Thursday, September 30, 1999

Video Pick of the Week
By MATT NANIA
Scene Movie Critic


   "Taxi Driver" is, simply put, a landmark film. It is a brilliant, ruthless movie with a haunting portrayal of urban life, and is arguably one of the best movies ever made. Gaining more and more respect as an important film in American cinema, "Taxi Driver" was recently named No. 47 on the American Film Institute's 100 most important American films of the 20th century. It is an undeniably brilliant, nightmarish portrait of one man's personal hell.

Robert De Niro plays Travis Bickle, a disillusioned ex-Marine who, unable to sleep, becomes a New York City cab driver for the night shift. He observes all the fetid details — drug dealers, prostitutes and murderes — of life on the streets, basically seeing it all.

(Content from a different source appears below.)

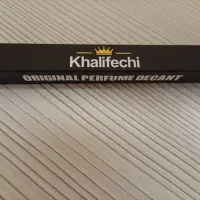 عطر‌ مردانه کلاسیک best مناسب هدیه دادن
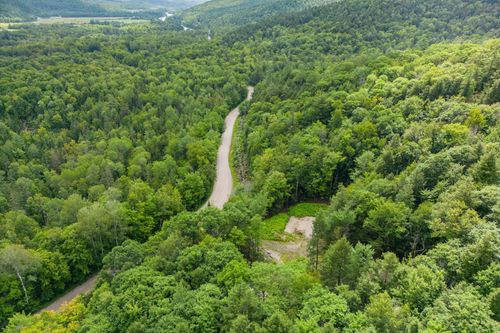 700 Ch Des Rapides, Val des Monts, QC, J8N6M1 | Card Image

Bickle secretly wishes to rid New York of all this human garbage. What he doesn't realize is, by being a psychotically irrational man, he is just like the worst of them. And when a relationship with a beautiful campaign worker (Cybill Shepherd) fails, his repression becomes too much. He must find an outlet through which he can express himself.

For Travis, fury is manifested through violence. His burning wrath at New York society only increases by what he sees in his customers — people who seek the death of their philandering wives, rich tycoons who have flings with hookers and 12-year-old prostitutes being battered by their employers.

One such prostitute, Iris (a shockingly young Jodie Foster), embodies Travis' desire to clean up New York. He decides to save her from her wicked boss, Sport (Harvey Keitel), because, like the city itself, she is lost in a world of depravity.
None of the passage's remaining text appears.